Records supplied Start Marker

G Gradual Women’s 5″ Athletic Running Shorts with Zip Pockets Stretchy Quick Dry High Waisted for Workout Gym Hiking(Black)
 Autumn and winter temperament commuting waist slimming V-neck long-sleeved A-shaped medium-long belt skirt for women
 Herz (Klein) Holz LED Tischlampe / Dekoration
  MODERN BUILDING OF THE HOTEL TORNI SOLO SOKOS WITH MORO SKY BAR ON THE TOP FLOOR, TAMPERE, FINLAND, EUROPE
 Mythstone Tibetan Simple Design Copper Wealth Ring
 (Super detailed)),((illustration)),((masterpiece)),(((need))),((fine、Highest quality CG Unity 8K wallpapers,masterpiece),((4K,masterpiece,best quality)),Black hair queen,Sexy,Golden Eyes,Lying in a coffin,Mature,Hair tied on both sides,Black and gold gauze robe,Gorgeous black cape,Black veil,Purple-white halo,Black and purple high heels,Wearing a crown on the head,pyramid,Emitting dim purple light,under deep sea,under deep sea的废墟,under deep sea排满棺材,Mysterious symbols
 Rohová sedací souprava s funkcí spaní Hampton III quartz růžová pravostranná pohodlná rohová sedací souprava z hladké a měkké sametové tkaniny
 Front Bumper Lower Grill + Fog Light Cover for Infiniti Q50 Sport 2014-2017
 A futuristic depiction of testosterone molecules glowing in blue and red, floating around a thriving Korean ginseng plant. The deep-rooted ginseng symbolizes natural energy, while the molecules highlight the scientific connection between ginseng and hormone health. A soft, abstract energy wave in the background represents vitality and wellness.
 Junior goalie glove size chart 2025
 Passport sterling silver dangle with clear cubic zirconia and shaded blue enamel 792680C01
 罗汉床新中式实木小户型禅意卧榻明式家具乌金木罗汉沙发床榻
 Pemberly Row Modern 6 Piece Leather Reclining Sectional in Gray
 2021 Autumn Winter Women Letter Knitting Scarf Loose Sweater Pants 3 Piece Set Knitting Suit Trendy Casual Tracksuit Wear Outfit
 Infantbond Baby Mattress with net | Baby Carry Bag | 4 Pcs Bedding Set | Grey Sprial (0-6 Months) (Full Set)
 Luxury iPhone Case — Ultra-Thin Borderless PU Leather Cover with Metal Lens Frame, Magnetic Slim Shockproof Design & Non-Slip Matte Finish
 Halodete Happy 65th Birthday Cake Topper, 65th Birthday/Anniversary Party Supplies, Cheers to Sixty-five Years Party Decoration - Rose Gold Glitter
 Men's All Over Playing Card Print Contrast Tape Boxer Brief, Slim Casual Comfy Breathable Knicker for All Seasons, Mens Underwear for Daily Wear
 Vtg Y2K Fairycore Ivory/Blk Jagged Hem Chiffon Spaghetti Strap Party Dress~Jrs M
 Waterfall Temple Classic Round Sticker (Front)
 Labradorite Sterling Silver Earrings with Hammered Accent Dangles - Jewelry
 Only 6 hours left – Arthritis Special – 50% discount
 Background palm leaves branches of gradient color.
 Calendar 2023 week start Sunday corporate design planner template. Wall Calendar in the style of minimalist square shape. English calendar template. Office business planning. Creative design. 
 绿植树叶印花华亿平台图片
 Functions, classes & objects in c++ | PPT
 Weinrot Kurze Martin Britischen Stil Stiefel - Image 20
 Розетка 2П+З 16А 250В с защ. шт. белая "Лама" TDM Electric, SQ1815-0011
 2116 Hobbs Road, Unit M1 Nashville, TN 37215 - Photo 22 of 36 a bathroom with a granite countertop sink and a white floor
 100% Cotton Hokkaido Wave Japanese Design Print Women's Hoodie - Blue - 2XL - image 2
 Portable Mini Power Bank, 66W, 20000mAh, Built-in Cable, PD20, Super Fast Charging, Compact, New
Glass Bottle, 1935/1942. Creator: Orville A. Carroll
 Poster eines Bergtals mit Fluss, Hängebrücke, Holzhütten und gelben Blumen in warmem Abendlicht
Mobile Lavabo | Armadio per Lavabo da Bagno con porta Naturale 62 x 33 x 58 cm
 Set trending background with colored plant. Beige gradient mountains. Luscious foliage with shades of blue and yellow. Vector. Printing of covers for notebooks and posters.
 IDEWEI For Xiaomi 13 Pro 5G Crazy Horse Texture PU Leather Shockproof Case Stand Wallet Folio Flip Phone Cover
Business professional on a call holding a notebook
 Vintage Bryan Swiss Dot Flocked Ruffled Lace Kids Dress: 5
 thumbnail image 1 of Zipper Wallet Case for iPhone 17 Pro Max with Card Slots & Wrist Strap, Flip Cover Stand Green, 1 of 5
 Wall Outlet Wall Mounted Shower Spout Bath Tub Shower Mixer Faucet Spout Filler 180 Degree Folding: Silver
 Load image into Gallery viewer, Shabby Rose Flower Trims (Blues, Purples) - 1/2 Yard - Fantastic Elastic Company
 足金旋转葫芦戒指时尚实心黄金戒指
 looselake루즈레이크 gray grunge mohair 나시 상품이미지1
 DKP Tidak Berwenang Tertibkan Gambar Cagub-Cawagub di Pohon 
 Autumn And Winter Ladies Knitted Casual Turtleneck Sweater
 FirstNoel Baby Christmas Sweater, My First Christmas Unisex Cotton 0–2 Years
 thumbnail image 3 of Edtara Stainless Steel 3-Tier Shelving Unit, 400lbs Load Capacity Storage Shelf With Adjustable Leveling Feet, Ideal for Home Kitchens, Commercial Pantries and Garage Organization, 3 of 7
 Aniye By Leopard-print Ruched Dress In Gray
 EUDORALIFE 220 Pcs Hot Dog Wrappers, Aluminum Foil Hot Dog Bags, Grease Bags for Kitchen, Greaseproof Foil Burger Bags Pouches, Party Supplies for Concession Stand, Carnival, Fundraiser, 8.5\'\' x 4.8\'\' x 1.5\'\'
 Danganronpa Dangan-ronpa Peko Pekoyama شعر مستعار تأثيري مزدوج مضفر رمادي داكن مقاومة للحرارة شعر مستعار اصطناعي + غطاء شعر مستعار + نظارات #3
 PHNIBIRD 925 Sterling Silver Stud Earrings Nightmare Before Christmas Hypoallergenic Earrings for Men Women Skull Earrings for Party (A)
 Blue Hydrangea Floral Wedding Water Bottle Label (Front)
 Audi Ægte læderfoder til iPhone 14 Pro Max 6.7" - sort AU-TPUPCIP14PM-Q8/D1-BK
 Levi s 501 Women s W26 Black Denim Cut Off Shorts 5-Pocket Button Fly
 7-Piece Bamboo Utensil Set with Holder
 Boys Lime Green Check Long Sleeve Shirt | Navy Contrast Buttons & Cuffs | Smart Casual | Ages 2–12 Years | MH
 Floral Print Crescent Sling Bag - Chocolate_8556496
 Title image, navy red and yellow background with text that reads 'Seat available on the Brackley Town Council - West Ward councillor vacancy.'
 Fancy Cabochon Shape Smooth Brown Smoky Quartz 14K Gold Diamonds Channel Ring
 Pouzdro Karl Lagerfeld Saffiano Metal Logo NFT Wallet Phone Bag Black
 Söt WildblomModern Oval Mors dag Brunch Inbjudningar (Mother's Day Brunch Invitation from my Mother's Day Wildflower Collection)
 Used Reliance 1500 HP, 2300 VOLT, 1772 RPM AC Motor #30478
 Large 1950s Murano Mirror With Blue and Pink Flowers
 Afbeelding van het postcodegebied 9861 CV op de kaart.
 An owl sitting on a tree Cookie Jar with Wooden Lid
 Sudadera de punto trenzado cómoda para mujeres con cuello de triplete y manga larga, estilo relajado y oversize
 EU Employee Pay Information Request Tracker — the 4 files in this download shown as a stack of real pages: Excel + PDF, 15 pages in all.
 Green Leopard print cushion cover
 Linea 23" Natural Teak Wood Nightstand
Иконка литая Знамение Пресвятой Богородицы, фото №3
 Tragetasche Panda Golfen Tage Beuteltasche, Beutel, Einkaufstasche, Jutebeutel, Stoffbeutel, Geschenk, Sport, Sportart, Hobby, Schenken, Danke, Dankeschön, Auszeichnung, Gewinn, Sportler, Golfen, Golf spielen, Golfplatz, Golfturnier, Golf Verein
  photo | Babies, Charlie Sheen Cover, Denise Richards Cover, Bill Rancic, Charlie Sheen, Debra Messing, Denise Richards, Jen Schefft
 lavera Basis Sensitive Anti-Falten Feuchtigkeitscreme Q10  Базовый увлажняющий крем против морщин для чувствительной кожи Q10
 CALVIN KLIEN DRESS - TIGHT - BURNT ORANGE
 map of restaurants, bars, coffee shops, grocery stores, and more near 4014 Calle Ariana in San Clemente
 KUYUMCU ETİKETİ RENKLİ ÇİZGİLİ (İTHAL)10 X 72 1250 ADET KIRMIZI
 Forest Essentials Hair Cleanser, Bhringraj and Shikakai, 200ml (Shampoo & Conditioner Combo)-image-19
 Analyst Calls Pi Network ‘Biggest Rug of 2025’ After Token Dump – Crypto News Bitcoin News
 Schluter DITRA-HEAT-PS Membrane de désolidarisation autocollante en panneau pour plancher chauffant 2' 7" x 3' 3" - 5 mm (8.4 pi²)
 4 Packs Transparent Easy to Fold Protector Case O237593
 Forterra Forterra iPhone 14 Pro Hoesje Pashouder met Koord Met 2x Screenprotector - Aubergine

Records supplied End Marker

» What you are asked to do
Copy word for word the stretch of entries above from the line that has "Passport sterling silver" through the line that has "Vtg Y2K Fairycore", both ends included, and nothing outside it.

» Task output
 Passport sterling silver dangle with clear cubic zirconia and shaded blue enamel 792680C01
 罗汉床新中式实木小户型禅意卧榻明式家具乌金木罗汉沙发床榻
 Pemberly Row Modern 6 Piece Leather Reclining Sectional in Gray
 2021 Autumn Winter Women Letter Knitting Scarf Loose Sweater Pants 3 Piece Set Knitting Suit Trendy Casual Tracksuit Wear Outfit
 Infantbond Baby Mattress with net | Baby Carry Bag | 4 Pcs Bedding Set | Grey Sprial (0-6 Months) (Full Set)
 Luxury iPhone Case — Ultra-Thin Borderless PU Leather Cover with Metal Lens Frame, Magnetic Slim Shockproof Design & Non-Slip Matte Finish
 Halodete Happy 65th Birthday Cake Topper, 65th Birthday/Anniversary Party Supplies, Cheers to Sixty-five Years Party Decoration - Rose Gold Glitter
 Men's All Over Playing Card Print Contrast Tape Boxer Brief, Slim Casual Comfy Breathable Knicker for All Seasons, Mens Underwear for Daily Wear
 Vtg Y2K Fairycore Ivory/Blk Jagged Hem Chiffon Spaghetti Strap Party Dress~Jrs M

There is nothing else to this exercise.